Wichtig wäre es allerdings auch gewesen, eine klare Kurskorrektur gegenüber der Entwicklung der letzten Jahre vorzunehmen, und deutlich mehr Mittel im Bereich der Anpassung an die klimatischen Veränderungen bereitzustellen, etwa zur Absicherung von Ernten oder zum Schutz vor kommenden Unwetterkatastrophen. Nicht einmal ein Fünftel der Klimafinanzierung aus Deutschland unterstützt die für die Sicherung der Lebensgrundlagen der Menschen so wichtigen Anpassungsmaßnahmen (vgl. hier). Dabei wird regelmäßig auf den alljährlichen UN-Weltklimakonferenzen vereinbart, dass bei der finanziellen Unterstützung eine Balance zwischen Klimaschutz einerseits und Anpassung an den Klimawandel andererseits erreicht werden soll.

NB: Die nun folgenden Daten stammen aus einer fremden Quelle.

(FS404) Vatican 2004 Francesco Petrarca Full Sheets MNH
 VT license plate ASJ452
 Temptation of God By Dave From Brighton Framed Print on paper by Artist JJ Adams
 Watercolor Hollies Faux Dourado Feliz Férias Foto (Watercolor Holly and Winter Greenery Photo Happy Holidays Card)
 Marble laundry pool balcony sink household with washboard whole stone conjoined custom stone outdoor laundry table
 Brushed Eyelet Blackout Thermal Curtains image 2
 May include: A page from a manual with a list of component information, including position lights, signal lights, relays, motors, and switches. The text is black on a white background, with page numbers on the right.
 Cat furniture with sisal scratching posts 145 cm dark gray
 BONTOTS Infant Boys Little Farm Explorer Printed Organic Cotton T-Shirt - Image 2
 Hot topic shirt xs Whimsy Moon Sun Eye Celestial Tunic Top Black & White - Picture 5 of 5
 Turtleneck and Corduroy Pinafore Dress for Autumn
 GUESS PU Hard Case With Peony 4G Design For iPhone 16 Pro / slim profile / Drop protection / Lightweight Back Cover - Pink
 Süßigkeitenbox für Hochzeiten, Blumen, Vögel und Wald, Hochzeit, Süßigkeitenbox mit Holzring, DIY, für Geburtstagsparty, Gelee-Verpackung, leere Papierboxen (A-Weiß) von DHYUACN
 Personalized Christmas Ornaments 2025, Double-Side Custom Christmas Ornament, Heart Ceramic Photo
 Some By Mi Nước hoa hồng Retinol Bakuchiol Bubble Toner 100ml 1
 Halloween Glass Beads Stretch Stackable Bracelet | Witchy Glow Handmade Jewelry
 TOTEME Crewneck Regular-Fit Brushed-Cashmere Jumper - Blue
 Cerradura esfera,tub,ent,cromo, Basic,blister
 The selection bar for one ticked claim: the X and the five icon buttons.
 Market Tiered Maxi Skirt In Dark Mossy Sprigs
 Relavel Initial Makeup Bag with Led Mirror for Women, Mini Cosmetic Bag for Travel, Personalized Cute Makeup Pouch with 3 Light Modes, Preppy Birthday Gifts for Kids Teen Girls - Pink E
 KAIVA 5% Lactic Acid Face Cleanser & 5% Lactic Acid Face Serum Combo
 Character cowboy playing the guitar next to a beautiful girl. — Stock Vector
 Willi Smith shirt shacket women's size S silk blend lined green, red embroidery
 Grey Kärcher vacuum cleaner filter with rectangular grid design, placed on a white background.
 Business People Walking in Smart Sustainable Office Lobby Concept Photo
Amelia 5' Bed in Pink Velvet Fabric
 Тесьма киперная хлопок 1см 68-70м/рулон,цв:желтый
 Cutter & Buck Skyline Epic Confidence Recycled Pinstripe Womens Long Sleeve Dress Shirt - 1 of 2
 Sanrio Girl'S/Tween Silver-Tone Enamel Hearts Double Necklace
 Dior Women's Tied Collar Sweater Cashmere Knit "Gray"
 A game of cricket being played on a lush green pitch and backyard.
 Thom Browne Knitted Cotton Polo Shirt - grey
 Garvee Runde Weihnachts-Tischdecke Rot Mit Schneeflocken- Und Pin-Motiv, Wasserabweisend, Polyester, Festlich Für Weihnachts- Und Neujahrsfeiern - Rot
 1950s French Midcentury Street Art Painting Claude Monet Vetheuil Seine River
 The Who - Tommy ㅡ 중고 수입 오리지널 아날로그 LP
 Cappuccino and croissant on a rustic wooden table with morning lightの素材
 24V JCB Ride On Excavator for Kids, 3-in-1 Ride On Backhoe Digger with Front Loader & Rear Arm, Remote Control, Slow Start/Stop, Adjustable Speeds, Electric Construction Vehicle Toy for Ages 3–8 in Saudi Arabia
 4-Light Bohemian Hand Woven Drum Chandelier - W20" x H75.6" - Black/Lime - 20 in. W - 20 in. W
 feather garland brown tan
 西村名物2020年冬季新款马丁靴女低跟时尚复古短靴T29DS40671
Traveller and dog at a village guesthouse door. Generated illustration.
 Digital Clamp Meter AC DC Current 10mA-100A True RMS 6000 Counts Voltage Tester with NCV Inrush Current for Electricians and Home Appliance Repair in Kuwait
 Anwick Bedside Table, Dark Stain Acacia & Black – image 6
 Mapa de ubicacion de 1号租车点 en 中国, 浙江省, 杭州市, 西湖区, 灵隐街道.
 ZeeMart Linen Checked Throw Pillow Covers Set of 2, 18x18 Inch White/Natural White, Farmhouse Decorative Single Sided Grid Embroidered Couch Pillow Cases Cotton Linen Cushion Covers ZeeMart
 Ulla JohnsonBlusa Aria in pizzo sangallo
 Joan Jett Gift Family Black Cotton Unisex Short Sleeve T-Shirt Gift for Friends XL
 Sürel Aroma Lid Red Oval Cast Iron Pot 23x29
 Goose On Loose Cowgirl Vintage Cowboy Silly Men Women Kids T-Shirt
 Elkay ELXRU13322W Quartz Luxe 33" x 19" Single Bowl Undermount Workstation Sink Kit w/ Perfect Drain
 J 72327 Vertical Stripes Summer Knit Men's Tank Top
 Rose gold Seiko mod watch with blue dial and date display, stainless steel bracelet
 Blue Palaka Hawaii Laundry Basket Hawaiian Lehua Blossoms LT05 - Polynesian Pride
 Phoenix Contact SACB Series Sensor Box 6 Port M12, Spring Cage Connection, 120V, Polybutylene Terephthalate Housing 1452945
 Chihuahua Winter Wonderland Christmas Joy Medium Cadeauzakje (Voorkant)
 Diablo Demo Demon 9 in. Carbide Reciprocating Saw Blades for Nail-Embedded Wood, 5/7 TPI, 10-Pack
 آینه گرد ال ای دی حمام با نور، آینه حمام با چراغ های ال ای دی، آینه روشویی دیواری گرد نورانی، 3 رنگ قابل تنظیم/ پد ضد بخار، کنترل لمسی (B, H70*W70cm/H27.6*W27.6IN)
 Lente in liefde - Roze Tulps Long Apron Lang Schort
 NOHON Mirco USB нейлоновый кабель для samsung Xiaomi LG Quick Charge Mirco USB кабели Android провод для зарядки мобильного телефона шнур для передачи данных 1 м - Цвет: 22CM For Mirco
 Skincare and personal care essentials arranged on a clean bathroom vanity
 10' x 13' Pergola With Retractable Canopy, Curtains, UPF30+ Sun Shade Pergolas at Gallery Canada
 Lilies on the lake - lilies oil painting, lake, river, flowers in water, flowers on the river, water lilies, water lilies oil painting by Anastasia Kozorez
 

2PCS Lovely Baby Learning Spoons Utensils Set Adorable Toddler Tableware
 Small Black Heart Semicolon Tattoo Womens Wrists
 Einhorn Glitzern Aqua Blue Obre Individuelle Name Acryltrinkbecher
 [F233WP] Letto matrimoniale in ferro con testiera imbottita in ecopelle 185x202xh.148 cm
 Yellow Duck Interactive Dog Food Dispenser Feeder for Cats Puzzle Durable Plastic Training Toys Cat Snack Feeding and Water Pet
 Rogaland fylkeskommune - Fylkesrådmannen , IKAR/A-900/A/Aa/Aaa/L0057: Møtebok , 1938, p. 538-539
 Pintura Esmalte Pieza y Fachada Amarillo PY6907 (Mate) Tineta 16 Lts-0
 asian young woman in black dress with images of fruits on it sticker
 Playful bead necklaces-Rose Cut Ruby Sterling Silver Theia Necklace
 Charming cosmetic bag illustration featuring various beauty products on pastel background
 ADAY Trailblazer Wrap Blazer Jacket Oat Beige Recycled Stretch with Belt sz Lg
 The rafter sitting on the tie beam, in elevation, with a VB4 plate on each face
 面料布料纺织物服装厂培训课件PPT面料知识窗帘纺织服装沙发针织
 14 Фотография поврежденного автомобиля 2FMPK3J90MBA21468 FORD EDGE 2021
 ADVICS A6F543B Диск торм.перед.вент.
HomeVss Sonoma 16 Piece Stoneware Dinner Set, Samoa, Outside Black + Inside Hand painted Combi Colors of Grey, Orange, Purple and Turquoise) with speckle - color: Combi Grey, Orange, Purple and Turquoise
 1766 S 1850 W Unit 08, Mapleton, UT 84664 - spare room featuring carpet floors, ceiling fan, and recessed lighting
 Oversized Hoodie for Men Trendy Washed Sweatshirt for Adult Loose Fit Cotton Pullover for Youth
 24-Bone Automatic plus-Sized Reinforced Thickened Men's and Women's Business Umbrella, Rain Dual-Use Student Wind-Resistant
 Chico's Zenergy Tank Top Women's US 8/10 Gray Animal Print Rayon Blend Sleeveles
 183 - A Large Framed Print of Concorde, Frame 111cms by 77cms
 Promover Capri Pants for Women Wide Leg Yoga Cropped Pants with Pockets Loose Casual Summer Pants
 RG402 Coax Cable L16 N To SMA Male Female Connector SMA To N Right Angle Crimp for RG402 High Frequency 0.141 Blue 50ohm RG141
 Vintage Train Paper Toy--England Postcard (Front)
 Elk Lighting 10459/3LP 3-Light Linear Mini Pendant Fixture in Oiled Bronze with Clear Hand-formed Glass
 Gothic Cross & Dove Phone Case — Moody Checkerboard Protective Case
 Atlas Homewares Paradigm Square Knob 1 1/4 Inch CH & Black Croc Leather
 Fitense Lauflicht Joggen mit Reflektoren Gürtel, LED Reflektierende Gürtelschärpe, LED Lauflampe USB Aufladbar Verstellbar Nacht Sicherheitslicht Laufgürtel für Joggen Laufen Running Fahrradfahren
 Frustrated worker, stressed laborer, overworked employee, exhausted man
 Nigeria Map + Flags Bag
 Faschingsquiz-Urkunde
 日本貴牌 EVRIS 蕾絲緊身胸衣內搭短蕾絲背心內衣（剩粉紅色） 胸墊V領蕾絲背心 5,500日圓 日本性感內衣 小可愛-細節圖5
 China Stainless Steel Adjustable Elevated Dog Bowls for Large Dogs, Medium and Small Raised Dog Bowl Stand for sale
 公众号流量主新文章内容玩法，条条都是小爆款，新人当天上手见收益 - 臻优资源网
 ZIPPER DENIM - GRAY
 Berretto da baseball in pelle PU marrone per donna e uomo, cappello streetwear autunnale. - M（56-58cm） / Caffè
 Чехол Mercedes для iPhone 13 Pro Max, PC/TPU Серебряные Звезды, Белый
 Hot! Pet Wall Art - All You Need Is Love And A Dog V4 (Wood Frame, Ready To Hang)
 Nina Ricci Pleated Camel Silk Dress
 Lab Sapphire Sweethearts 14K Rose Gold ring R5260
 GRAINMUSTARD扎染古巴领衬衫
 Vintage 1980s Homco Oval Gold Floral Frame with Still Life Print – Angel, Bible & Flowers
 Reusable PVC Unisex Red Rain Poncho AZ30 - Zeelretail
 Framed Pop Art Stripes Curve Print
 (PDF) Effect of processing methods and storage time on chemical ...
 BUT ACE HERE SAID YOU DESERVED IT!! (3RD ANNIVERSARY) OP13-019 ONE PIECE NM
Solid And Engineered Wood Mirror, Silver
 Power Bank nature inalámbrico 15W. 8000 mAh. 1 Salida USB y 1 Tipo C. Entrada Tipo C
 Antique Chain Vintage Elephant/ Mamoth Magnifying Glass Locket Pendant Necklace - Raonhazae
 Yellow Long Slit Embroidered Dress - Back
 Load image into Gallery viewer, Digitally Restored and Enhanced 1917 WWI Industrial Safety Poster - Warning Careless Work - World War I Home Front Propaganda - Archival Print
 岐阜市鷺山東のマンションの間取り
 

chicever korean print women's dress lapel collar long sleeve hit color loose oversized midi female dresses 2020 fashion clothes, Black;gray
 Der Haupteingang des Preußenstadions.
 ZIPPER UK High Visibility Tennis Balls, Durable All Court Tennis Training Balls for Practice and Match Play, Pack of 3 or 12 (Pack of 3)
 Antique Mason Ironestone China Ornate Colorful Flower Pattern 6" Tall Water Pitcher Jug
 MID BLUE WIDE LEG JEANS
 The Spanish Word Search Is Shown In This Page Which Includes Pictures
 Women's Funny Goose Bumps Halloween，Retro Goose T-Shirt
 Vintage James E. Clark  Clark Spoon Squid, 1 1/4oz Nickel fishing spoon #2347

Im Großen und Ganzen ist das Ergebnis für die Klimafinanzierung eher mäßig – und dennoch steckt im Koalitionsvertrag das Potenzial, die Klimafinanzierung aus Deutschland deutlich auszubauen. Für den internationalen Ruf Deutschlands, für neue Dynamik bei der Umsetzung des Pariser Abkommens und für die Bildung strategischer Allianzen mit den ärmeren und besonders verwundbaren Ländern wie auch mit den Schwellenländern wäre das wünschenswert. Der erste Glaubwürdigkeitstest der neuen Bundesregierung dazu wird die Aufstellung des Bundeshaushalts 2018 – man darf gespannt sein.